Llevamos meses enredados en el debate sobre la infame Ley de Amnistía que Sánchez y sus socios separatistas, comunistas y bilduetarras blanden como instrumento de demolición de nuestro orden constitucional, nuestro Estado de Derecho y nuestra existencia misma como Nación soberana e identificable en el concierto mundial. Los argumentos sobre la inconstitucionalidad de esta norma nefanda se acumulan y son expuestos convincente y públicamente por asociaciones de juristas, por reconocidos expertos en la materia y por los bufetes de abogados más prestigiosos del país. El Senado ha solicitado un dictamen urgente a la Comisión de Venecia del Consejo de Europa y caben pocas sospechas de que el veredicto de la docta institución no será precisamente favorable a la tropelía que impulsan inasequibles a cualquier escrúpulo o sombra de decencia el inquilino de La Moncloa y sus secuaces.
El forajido (políticamente hablando) que preside el superpoblado Consejo de ministros nos somete a una continua tensión cruzando cada día una línea supuestamente infranqueable tras otra sin que aparentemente nada ni nadie pueda detener su frenética carrera hacia el desastre nacional que nos espera al final de su escapada irresponsable e insensata. Indultos a los golpistas, eliminación del delito de sedición, rebaja de las penas por malversación, formación de una mayoría parlamentaria inicua con los enemigos jurados de España, giros bruscos e inexplicables en política exterior, blanqueamiento de los herederos del crimen organizado, apretones de manos y sonrisas para los que homenajean, colocan en sus listas electorales y encubren a los asesinos que mataron a sus compañeros socialistas, reuniones al máximo nivel con prófugos de la justicia humillando al Estado hasta extremos de náusea, aceptación de un grotesco mediador salvadoreño para dar fe de los acuerdos entre el Gobierno de la Nación y una banda subversiva de delincuentes condenados en sentencia firme o huidos cobardemente de la acción de los tribunales, ¿puede darse mayor ristra de ignominias, bajezas y renuncias deshonrosas de unos gobernantes frente a aquellos a los que no deberían halagar ni lamer las botas, sino combatir con todas las armas de la legalidad y de la democracia?

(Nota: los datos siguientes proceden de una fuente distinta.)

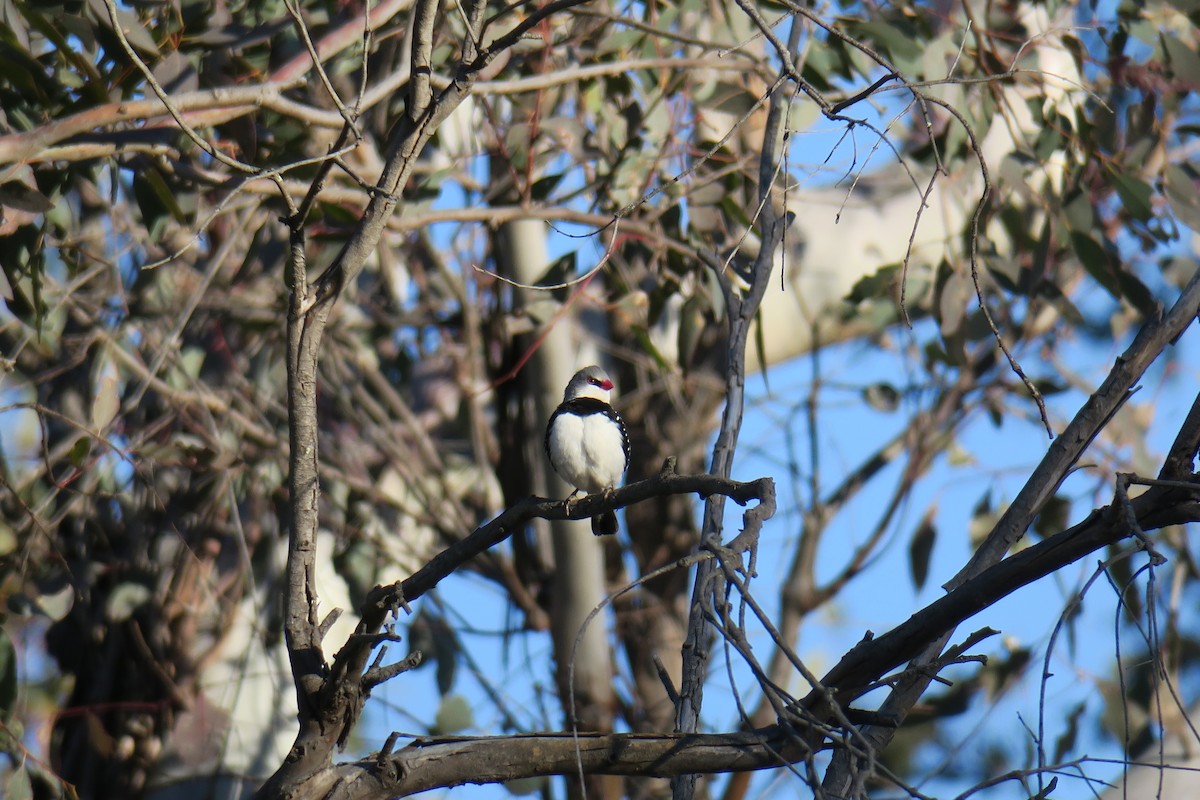 Diamond Firetail - ML638482525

Cuando se les enfrenta a sus declaraciones recientes en total contradicción con sus posiciones de hoy se contentan con decir que han cambiado de opinión o se refugian en un silencio cínico y desafiante
Sin embargo, lo peor y más descorazonador en este panorama de degradación y de declive no es tanto el conjunto de iniquidades perpetradas contumazmente por el Gobierno y sus compinches, sino su trasfondo, el fenómeno profundo que subyace a qué tales abusos sean posibles y a que se presenten con inusitada desfachatez como correctos y convenientes para el bienestar general de nuestra sociedad. Semejante pretensión va necesariamente acompañada del recurso permanente a la mentira y al falseamiento de la realidad y así tenemos que asistir una y otra vez al atropello descarado a la facticidad palpable, a las comparecencias de responsables públicos que afirman rotundamente como evidencias inamovibles aquello que negaban con igual énfasis hace menos de un año y cuando se les enfrenta a sus declaraciones recientes en total contradicción con sus posiciones de hoy se contentan con decir que han cambiado de opinión o se refugian en un silencio cínico y desafiante.

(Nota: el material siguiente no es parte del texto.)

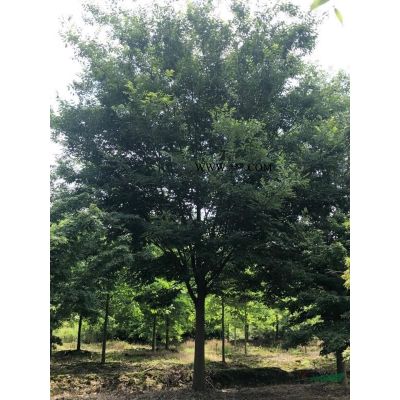 浙江供应12-75公分朴树、精品移植朴树价格、朴树图片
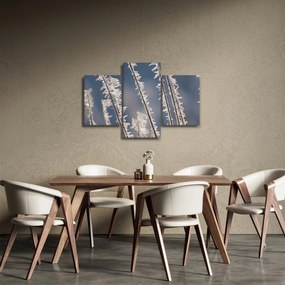 Kép - Fagy (90x60 cm)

El engaño como herramienta de persuasión
Ese es nuestro verdadero drama, la terrible situación que atraviesa España debido a que se ha impuesto, nos han impuesto, el desprecio absoluto a la verdad. Para que una democracia sea viable, tan relevantes son las reglas escritas, constituciones, leyes, decretos, presupuestos, procedimientos tasados y demás expresiones materiales de la estructura jurídica que articula la convivencia en paz, seguridad, prosperidad y libertad, como las no escritas, respetar la palabra dada, poner el interés general por encima del particular, tratar al adversario con decoro reconociéndole como pieza necesaria del sistema compartido, obedecer, además de la letra de la ley, su espíritu, prescindir del engaño como herramienta de persuasión, ejercer el poder con prudencia y sin excesos, comportarse de forma austera y honrada, escuchar a la oposición por si tuviera, no toda, pero parte de razón y, en definitiva, elevarse a las cotas altas de calidad ética adoptando el patriotismo como divisa orientadora de nuestros planteamientos y nuestras decisiones.
Nada de esto representa en este tiempo aciago que nos ha tocado padecer la tónica dominante. Para nuestra desgracia reina un clima sombrío en el que todas estas virtudes están ausentes y nos invade la plétora de vicios que las anulan. Enunciémoslo con implacable claridad: España se nos va por el desagüe de la historia porque se ha transformado, hemos permitido que la transformen, la hemos transformado, en suma, en un desierto moral.